Cop26: Oceanographer Sylvia Earle calls for industrial fishing ban on high seas

Ending unsustainable commercial exploitation of the Earth’s ‘blue heart’ is as vital as curbing fossil fuel use, says pioneering biologist

World leaders gathered for Cop26 must ban industrial fishing on the high seas to have a chance of preserving the ocean, the Earth’s “largest carbon-capturing and oxygen-generating system”, the deep-sea explorer and oceanographer Sylvia Earle has said.

Earle, 86, has clocked up more than 7,000 hours underwater and holds several records, including in 1979 for the deepest untethered dive by a woman.

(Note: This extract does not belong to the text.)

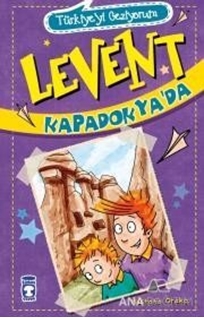 Levent Kapadokya'da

  • Blue carbon is the CO2 sequestered and stored in coastal and marine ecosystems.
  • Mangroves, salt marshes and seagrass are the “big three” – the best studied and understood blue carbon ecosystems. They suck carbon dioxide from the air via photosynthesis and store it in biomass and sediment. Seaweed aquaculture is another way to store carbon.  
  • These ecosystems are carbon storage powerhouses, storing up to 10 times as much carbon as forests.
  • Seagrass is one of the world's most effective carbon sinks – it can bury carbon 35 times faster than tropical rainforests and, if undisturbed, can store it for millennia, where rainforests hold it for decades.
  • They are also among the most threatened ecosystems on the planet, however, and disturbing them could release vast greenhouse gas emissions.
  • The Intergovernmental Panel on Climate Change says blue carbon ecosystems can be included in official national accounting and mitigation commitments under the Paris climate agreement, but many countries – including the UK – have not yet done so. 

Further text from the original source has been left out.